The Mobile Keyboard Solution – Folding it Out, In
Posted on 01. Apr, 2010 by Daniel Cawrey in Features, News
One of the biggest challenges faced as devices get smaller and smaller is that the traditional keyboard still requires a certain footprint in order to be useable. This fact is even more evident when you look at tablets and phones which don’t have a keyboard at all – they require you to use an on-screen touch interface in order to write. For many, this trend could be problematic since there is an enjoyable degree of tactile feedback that comes with using a traditional keyboard.

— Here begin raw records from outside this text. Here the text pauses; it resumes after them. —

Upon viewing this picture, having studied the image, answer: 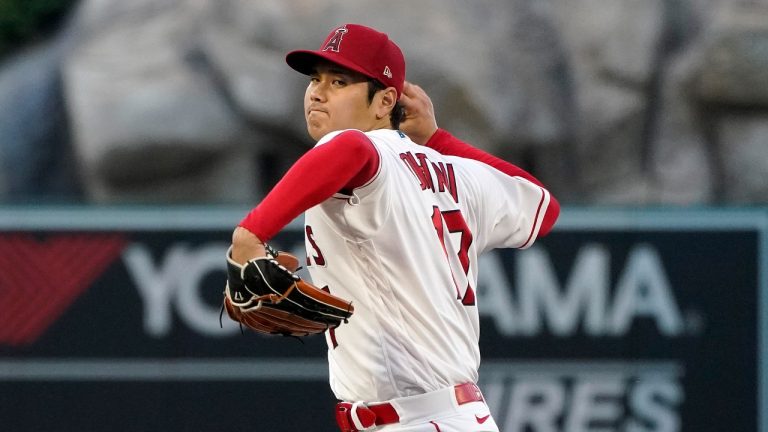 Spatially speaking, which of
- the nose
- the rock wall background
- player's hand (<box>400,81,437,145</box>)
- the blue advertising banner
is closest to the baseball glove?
the nose

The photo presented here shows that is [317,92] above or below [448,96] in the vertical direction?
above

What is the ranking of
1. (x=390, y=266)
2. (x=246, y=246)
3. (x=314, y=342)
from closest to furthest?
(x=246, y=246) < (x=390, y=266) < (x=314, y=342)

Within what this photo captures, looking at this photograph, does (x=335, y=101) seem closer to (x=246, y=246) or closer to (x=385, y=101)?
(x=385, y=101)

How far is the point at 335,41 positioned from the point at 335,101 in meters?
0.14

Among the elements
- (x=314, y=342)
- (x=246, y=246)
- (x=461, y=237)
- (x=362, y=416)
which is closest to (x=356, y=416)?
(x=362, y=416)

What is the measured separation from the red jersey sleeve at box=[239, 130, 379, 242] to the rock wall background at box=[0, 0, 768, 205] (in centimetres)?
610

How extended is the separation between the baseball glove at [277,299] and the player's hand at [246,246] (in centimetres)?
1

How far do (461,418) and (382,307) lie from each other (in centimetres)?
32

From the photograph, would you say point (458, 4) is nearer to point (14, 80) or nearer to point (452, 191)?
point (14, 80)

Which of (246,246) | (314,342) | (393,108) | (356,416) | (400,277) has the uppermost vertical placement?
(393,108)

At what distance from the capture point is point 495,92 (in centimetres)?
887

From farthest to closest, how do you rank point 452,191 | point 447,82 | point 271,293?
point 447,82 → point 452,191 → point 271,293

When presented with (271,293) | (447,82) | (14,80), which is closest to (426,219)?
(271,293)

That’s why when I came across this post from Wired I knew I had to write about it. Sure it’s only a mock-up, but this is the best way that I have seen so far on solving the keyboard problem, which is to fold it:
Designer Yang Yongchang has put up some images and a small write-up on how his device, the iWeb 2.0, would work. I really like the idea, and although I’m sure this has been tried in design labs before if it could be pulled off by being usable there would be appeal for this. Two things come to mind, however. A folding keyboard would have many parts making it expensive and possibly fragile. Another problem could be that although the pictures look good, it needs to be comfortably useable to a vast amount of people in order for something like this to sell.
With the mobile device market creating new genres of gadgets such as the tablet and especially the smartbook which will blend together elements of a netbook with a smartphone – the keyboard problem becomes magnified. Whether it runs Android, Chrome OS, Linux or some variety of Windows a smartbook is going to need to have a real keyboard.
I know that in the mobile phone market the trend is to shy away from manufacturing smartphones with full-on keyboard. The Nexus One has done so, along with other Android devices. The Motorola Droid, however, does come with a keyboard. I suppose it is all in terms of a person’s taste, but for those who like to write having a keyboard is really helpful. Especially if you’re clumsy with a touchscreen.